It's tough to break into business these days, even when you've finally received your college diploma. You may have great grades, but you also have great competition, even when you're just trying to land an internship. Hiring managers are looking for the ability to think like a pro, no matter what field you're entering. But how can you get a chance to prove you have that ability when your resume is stuck in a pile with hundreds of other applications?
Maybe you need to write more than a resume. No, I'm not talking about including pages of personal references, although those are nice, too. I'm talking about writing a business proposal.
Yeah, right—I can hear you saying it now. You've never written a business proposal; you probably don't even have much in the way of business experience to offer. But like I said, hiring managers are looking for the ability to think like a pro, and you have ideas, don't you? Prove it with a proposal.

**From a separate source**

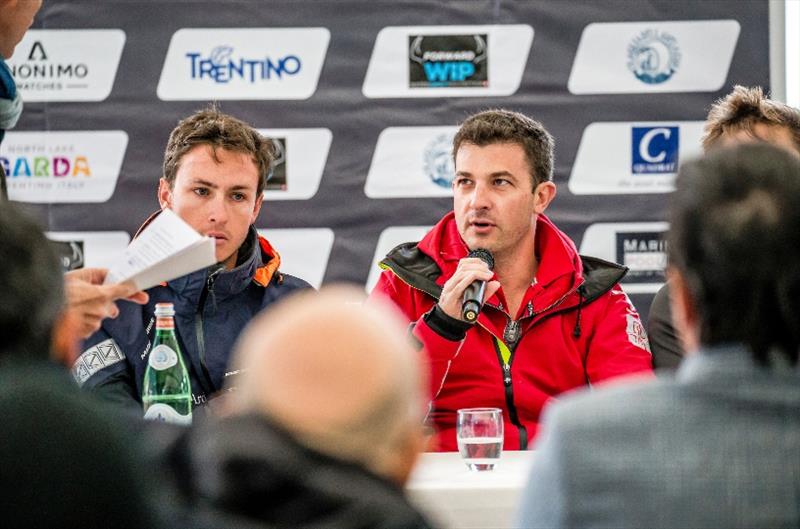 Federico Ferioli at a press conference photo copyright Jesus Renedo / GC 32 Racing Tour taken at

Here's the basic structure of any proposal: introduction; description of the needs or problems, description of the solution, the benefits, and what the solution will cost; and finally, an explanation of why you're the best person for the job. And here's the most important thing to remember: this proposal is about what the organization needs, not about your need for a job.
A company usually has a job to fill and many possible candidates to choose from. All else being equal between candidates do you think they would choose the candidates who just supplied resumes or the one who showed even more potential by proposing something that could further improve the company or their products or services.
It would be best if you already know something about the organization and what they do and what they're looking for. You could even target a particular project or product. Then your proposal can be more specific, like “Proposal for New Label Designs for the XYG Product Line” or “Proposal to Efficiently Landscape Creek Banks.” So, do some research if you need to. But even if you can't be specific to a product or a process, you can still describe the need for the position you're applying for, and how you can fill it better than anyone else. We didn't say this was going to be easy, you may have to put some serious thought and research into this strategy.
Let's drill down a little further in the structure of the proposal. The first introduction page should be just a letter explaining who you are and why you're writing this proposal, and including a request for an interview or a contract—whatever you want to happen next. Next, you'll want a title page for your proposal. For heaven's sake, don't use “Why You Should Hire Me” or anything lame like that. If you can't come up with a specific project, at least refer to the job position and name your proposal something like “Recommended Candidate for the Telecommunications Sales Manager.”
Now for the first section. Put yourself in the hiring manager's shoes and describe what he or she is looking for. You probably have all that information in a job advertisement, and perhaps you even have more information after talking to the potential employer. Describe why the company needs those skills and experience; this may not be written in an ad, but you can usually guess the reason behind a requirement. This section is not about you; it's about showing that you understand what the company wants and needs.
The next section should be all about how you can provide the solutions to those needs. Be as specific as possible about how you can meet the needs of a specific project or job position, and what the benefits to the company would be.
Then, finally, it's your chance to explain why you are the best pick for the position. Here's where you can put your transcript, your references, and your experience. If you've won awards or worked on any similar projects in the past, put them in here, too. Keep in mind that volunteer work and even hobbies might count toward management and team building and aspects like that. And remember that anyone can sing their own praises; it's always more credible to list a recommendation from a third party.
Finally, make sure your presentation looks and sounds professional. Of course you'll use spell-check, but you need to proofread, too. Or best of all, get someone who has excellent language skills to do it for you. You may not think the placement of a comma or using the correct plural form is particularly important, but the hiring manager just might, and using correct grammar might make the difference between landing the position and staying unemployed. Be sure the pages of your proposal look attractive, too—consider using headings in different colors or adding unusual bullet points or page borders. Just keep the overall tone professional.
Proposals impress managers because they prove you are ambitious and have the ability to think like a pro who sees a broader picture and not just another employee. Even if you don't get the specific job you have targeted with your proposal, the hiring manager will remember you and she may recommend you to another manager, or hire you for the next position that comes up.